The biggest change also relates to how I feel, which is mostly a profound gratitude to everyone who has picked up or ordered a copy, or simply congratulated me on publishing it. I feel lucky, and warmed by people’s kindness. That support has meant a lot. People’s selfies with or snapshots of my book mean a lot. This includes people I know, from different stages of my life, all over the world. Among them: my cousins, my compatriots at family holidays and vacations; my friends, from start-up life and college and high school and B-school; folks I know from RL professional settings (did I credibly generate some sales via LinkedIn? I think so!); and my writing community, that I’ve built up through workshop and cons and moving cities the last few years.
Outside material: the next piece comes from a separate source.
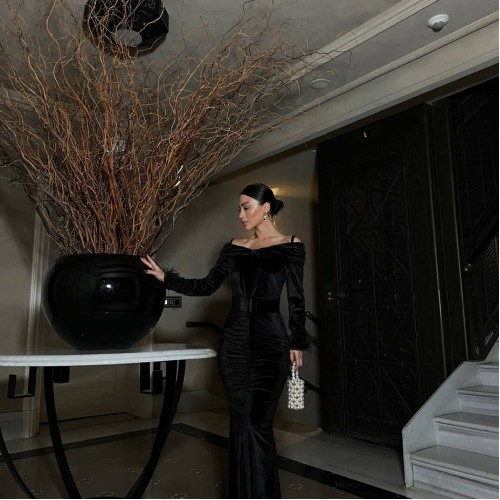 218447 TOPTAN SİYAH ABİYE toptan bayan giyim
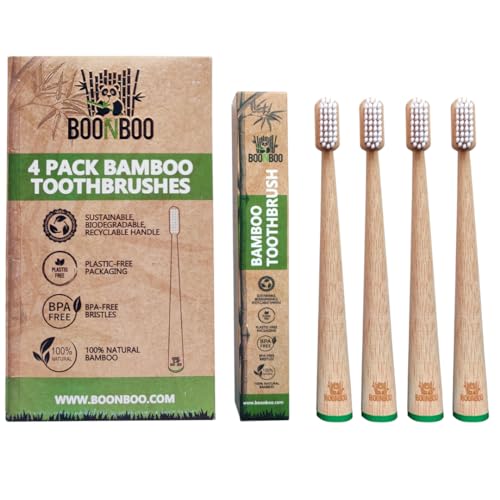 BOONBOO Bamboo Toothbrush - Medium BPA-Free Bristles, Upright Design, Pack of 4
There are also, extraordinarily, people who don’t know me in-person at all, who are reading and sharing their thoughts and taking stylish photos of my book. People are reading my words. I had always hoped the book would let these stories find a new audience. I believe it has started to do that, and that has been so damn heartening. I’ve heard now directly from some readers who have felt the words were for them, and I said it in my acknowledgements, but I’ll say it again: that means the world to me.
I want the book to do what it can. I continue to be very proud of it, and I am hopeful that it will continue to find its readers. 💪
Events and things
(1) I’m participating in the virtual ICFA Conference this weekend, and will be on a live panel about Decolonizing the Fantastic, this Saturday, 8-9pm ET (5-6pm PT). If you’ll be at ICFA, do say hi! o/
(2) I am doing an IG Live with @book.sh3lf next Tuesday! We’ll chat about the book, writing, and things I’ve been enjoying recently. This is the first event I’m doing since the book came out, so I’m pretty excited! Would love to see some of you there.
(3) On April 13, I am doing a reading with Rebecca Roanhorse for Book Moon’s Strange Light Reading Series. Details here, though the sign-up link is not yet available. I’ll send another newsletter once it is!
Thanks as always for reading! Stay safe out there. Look after those around you, but don’t forget your own needs, too. If you liked this post, feel free to share it with others, or sign up if you haven’t yet.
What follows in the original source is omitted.